New at Peter White Public Library
Given the Governor’s directive that we stay home and stay safe, many of us have time on our hands. Why not take some of that time to read? Here are some new science fiction selections to consider:
The world in “Gamechanger” by L.X. Beckett has suffered through dramatic climate change, economic collapse, and plagues. The Clawback generation survived, and now the Bounceback generation is trying to rebuild a stable, viable world. Rubi Whiting, a bouncer, is a defense lawyer who focuses on those with mental issues. For some reason, her current client, Luce, won’t meet with her in the flesh and continues to exhibit antisocial behaviors. Rubi is also a celebrity gamer, who needs to decide if she’ll have a rematch with her arch nemesis, Gimlet or focus on her law career. Then there is Javier Anselmo, a police officer/unicorn chaser, who is convinced that Luce is a dangerous AI bent of destroying mankind. Is he? Or is he something even worse?
What began as the promise for an equal color-blind socienty in Red Rising has now fallen in Pierce Brown’s “Dark Age.” Darrow, without the support of that society is fighting the new breed of Golds on Mercury.
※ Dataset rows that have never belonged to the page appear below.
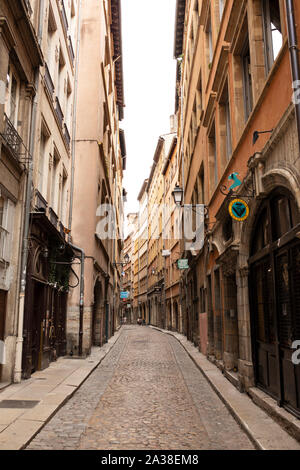 Bei vecchi edifici ospitano negozi e ristoranti in Rue des Trois-Maries, nel quartiere Vieux Lyon, Francia. Foto Stock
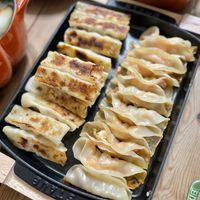 可能是肉餡餅和顯示的文字是「 ርም AN STAUB 」的圖像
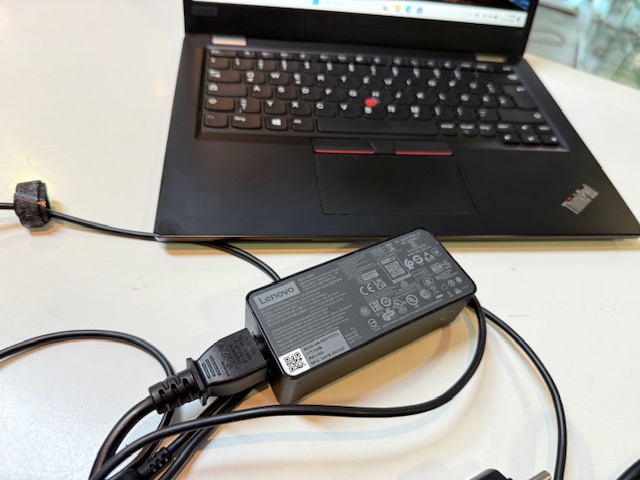 Lenovo ThinkPad L13 Gen 2, i3-1115G4 | 8GB RAM | 256GB SSD | Win 11 Pro Education | Zustand: In Ordnung – Bild 5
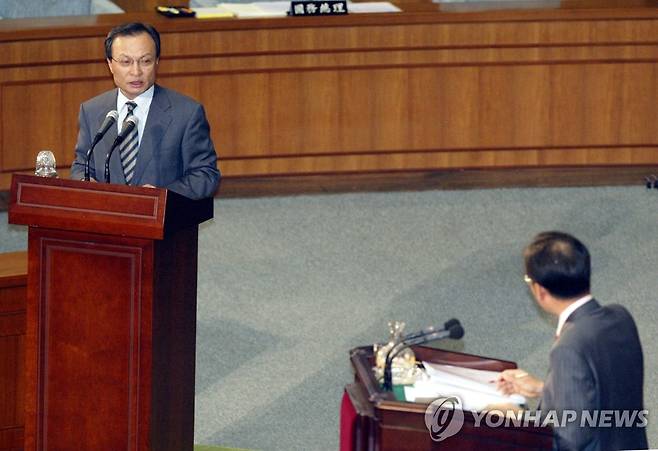 한나라당 홍준표 의원 대정부질문에 답변하는 이해찬 총리 [연합뉴스 자료사진]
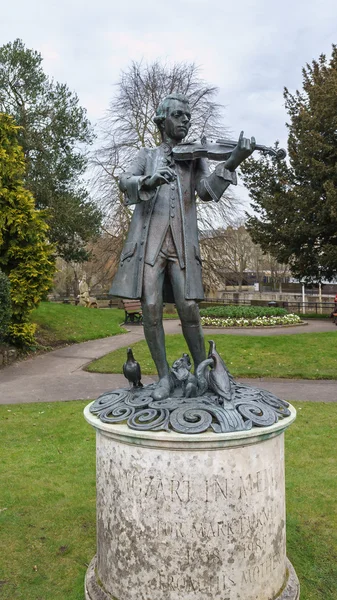Wolfgang Amadeus Mozart socha v průvodu zahrady, Bath Spa, Somerset. — Stock fotografie
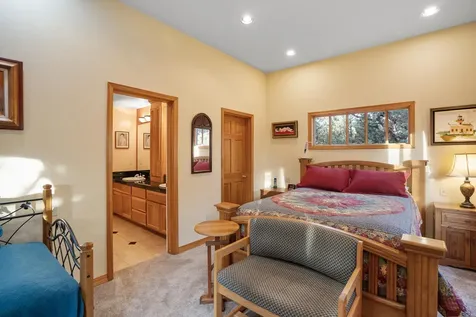 64742 Sylvan Loop Bend OR 97701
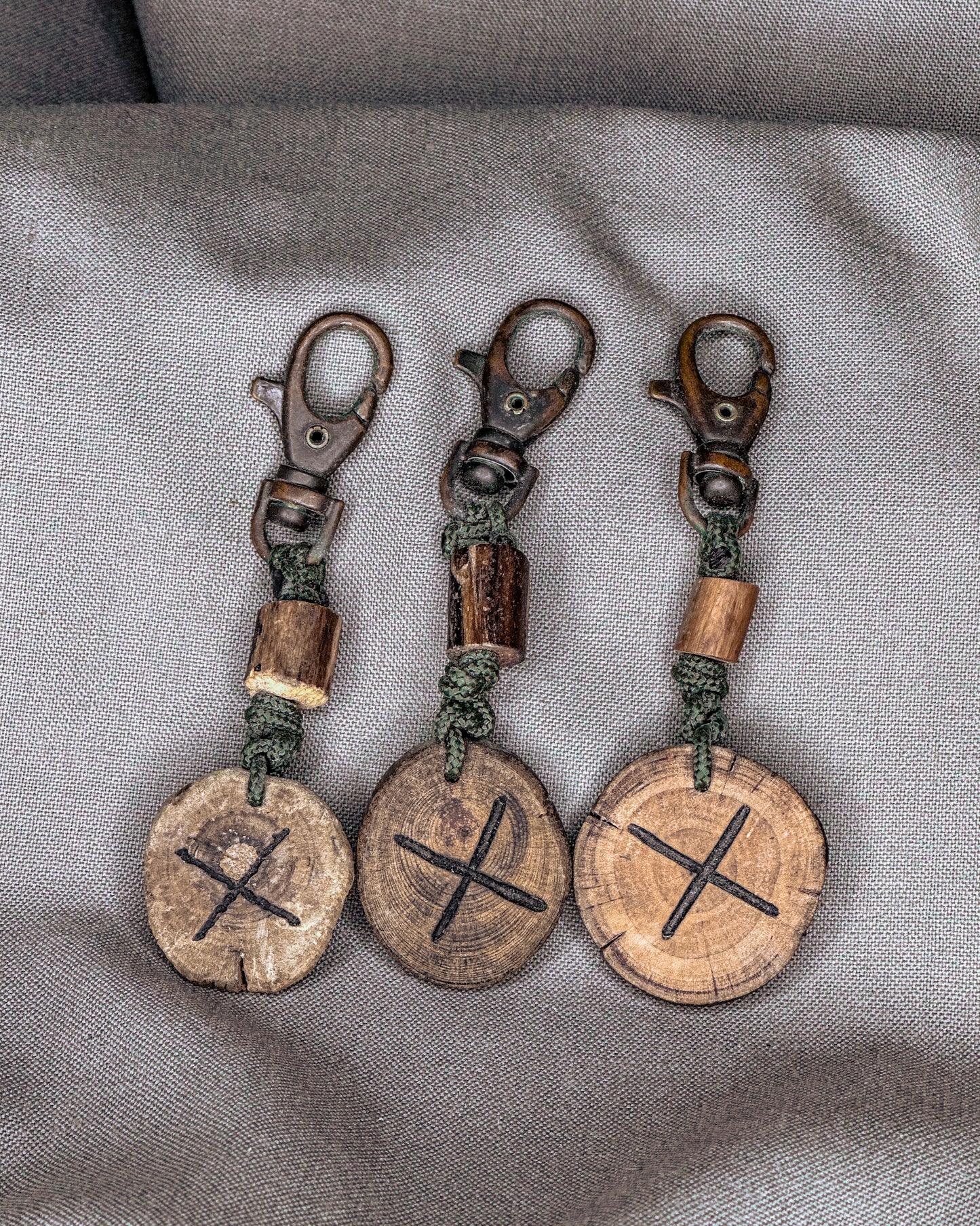 Baltų simbolių pakabukai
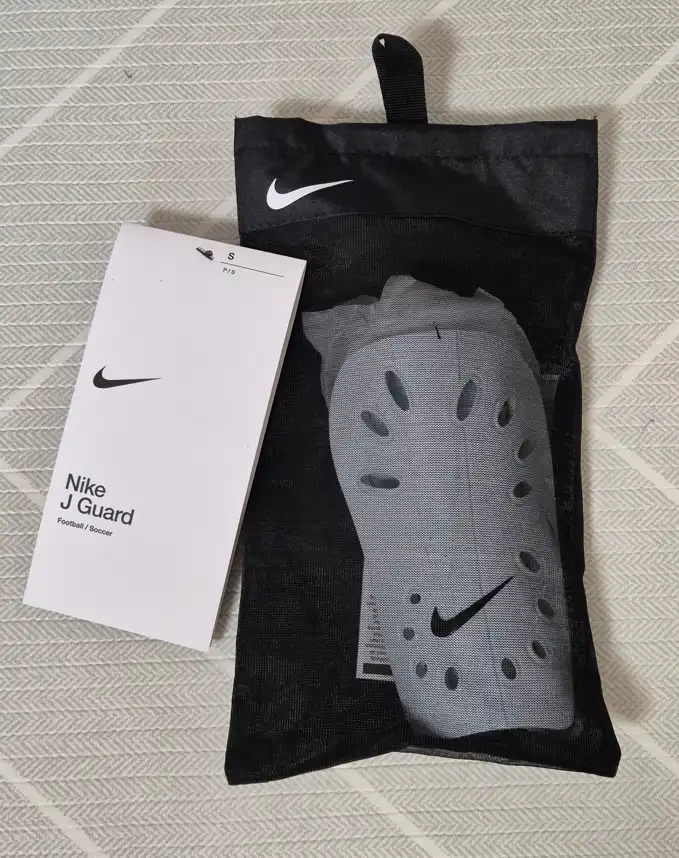 나이키 제이가드 신가드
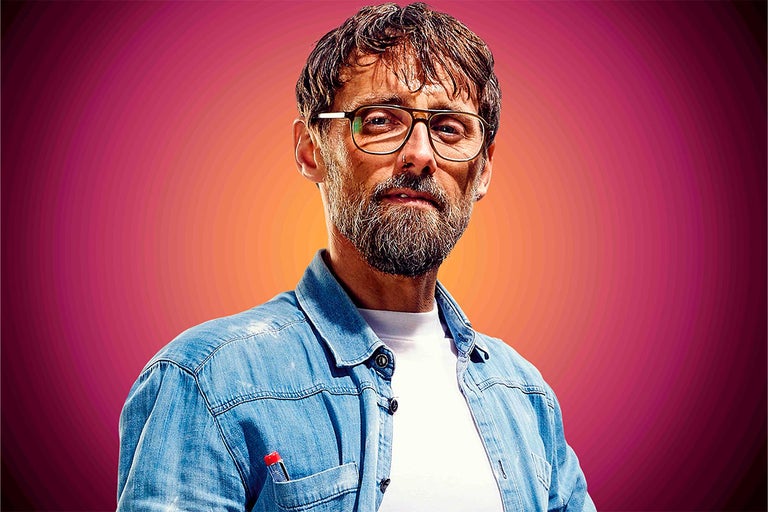 Portrét muža s okuliarmi a džínsovou košeľou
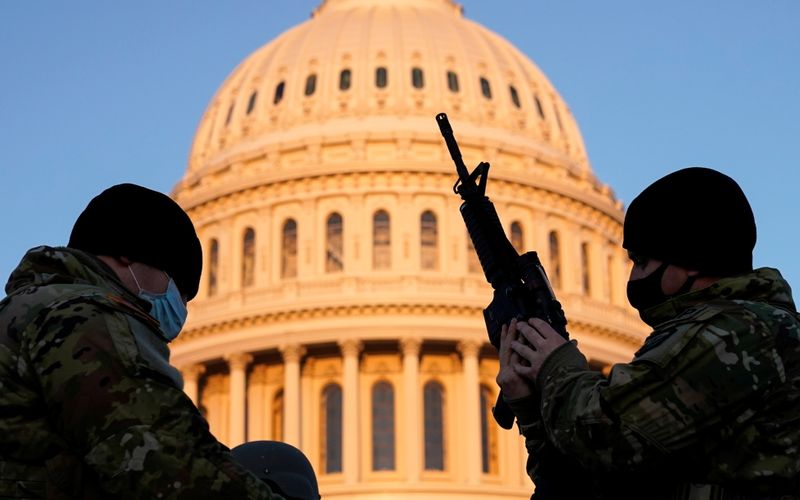 &copy; Reuters. Membros da Guarda Nacional dos EUA protegem o prédio do Congresso norte-americano em Washington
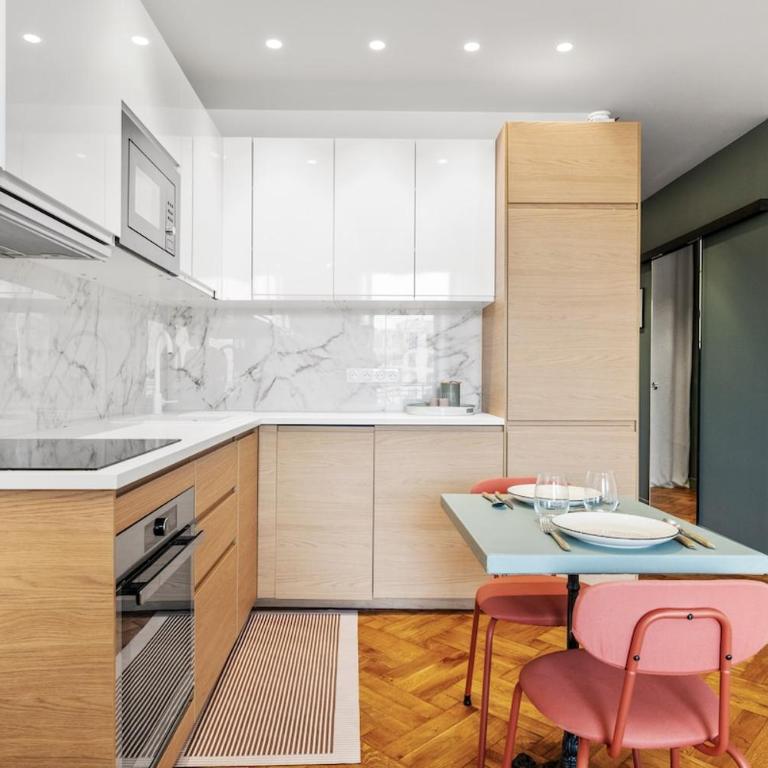 Elegant Apartment with Air Conditioning and Terrace - One-Bedroom Apartment - 14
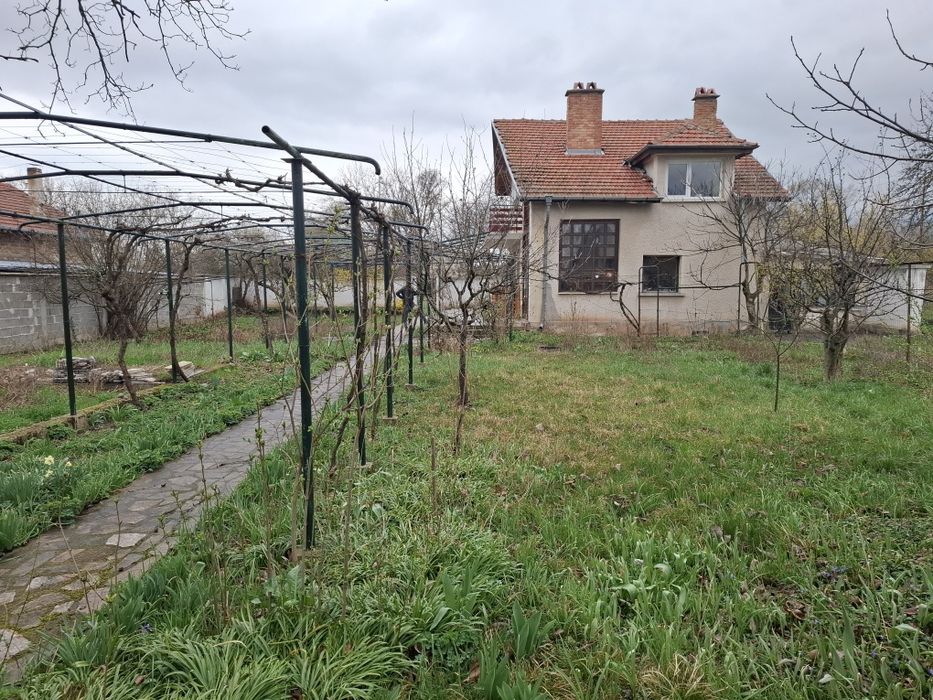 Продава се Къща в Казанлък - 200 кв.м за 765 €/кв.м - Снимка #5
The Sovereign, Virginia, is trying to convince the Republic to support him, but she is facing her own troubles. Ephraim, kidnapper of Pax and Electra, fleeing to Mars and working for the Obsidians, hopes to rescue Volga and Lyria and thus redeem himself. Meanwhile, Lysander, joins Atalantia, hoping to recreate the old hierarchy with benevolent Golds ruling the masses. Will these pieces be able to resolve their differences before destroying all they hope to save?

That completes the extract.